Ensure that the input covariance matrix is positive definite. If not, find the nearest positive semi-definite matrix.

Parameters:cov (numpy.ndarray) – symmetric covariance matrix
Returns:cov – positive definite covariance matrix
Return type:numpy.ndarray
utility.error_not_whole(f, errstr='')[source]

Test if float is a whole number, if not raise Error.

utility.gather(l, key, sort=None, filter=None)[source]

Return dictionary of input l grouped by key.

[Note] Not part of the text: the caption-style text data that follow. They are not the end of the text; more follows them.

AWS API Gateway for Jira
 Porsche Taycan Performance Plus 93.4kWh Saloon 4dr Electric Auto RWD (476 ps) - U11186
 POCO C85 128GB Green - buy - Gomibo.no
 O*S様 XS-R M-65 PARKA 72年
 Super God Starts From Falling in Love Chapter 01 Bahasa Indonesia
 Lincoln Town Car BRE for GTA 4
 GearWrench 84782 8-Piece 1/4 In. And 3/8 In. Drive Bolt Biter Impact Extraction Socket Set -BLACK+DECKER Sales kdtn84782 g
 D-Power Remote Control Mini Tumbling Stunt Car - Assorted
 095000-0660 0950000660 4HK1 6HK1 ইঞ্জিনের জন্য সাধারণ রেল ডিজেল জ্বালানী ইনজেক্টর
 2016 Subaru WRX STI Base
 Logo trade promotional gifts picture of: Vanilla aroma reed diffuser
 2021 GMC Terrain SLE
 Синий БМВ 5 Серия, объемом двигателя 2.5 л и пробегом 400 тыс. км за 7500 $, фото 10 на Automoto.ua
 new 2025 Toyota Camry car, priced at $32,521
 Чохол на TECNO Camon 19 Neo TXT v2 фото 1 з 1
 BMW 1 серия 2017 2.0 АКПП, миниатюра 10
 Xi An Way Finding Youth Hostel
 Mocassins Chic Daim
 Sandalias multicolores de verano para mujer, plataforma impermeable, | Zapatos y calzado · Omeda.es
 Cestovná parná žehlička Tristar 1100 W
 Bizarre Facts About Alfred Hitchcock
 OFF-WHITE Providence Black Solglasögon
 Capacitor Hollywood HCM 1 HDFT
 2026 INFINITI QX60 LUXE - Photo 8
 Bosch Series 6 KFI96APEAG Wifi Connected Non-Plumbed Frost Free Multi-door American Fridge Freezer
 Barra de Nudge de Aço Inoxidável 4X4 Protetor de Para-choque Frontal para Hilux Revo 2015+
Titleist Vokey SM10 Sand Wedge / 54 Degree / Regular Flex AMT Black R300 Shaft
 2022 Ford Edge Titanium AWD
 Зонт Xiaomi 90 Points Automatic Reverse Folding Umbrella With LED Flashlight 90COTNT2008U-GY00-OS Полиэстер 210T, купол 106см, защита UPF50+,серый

utility.get_fit_indexes(llk)[source]

Find indexes of various likelihoods in a likelihood distribution.

Parameters:llk (numpy.ndarray) –
Returns:
Return type:dict with array indexes
utility.get_random_uniform(lower, upper, dimension=1)[source]

Get uniform random values between given bounds

Parameters:
  • lower (float) –
  • upper (float) –
  • dimension (size of result vector) –
utility.get_rotation_matrix(axes=['x', 'y', 'z'])[source]

Return a function for 3-d rotation matrix for a specified axis.

Parameters:axes (str or list of str) – x, y or z for the axis
Returns:
Return type:func that takes an angle [rad]
utility.join_models(global_model, crustal_model)[source]

Replace the part of the ‘global model’ that is covered by ‘crustal_model’.

Parameters:
Returns:

joined_model

Return type:

cake.LayeredModel

utility.join_points(ldicts)[source]

Join list of dicts into one dict with concatenating values of keys that are present in multiple dicts.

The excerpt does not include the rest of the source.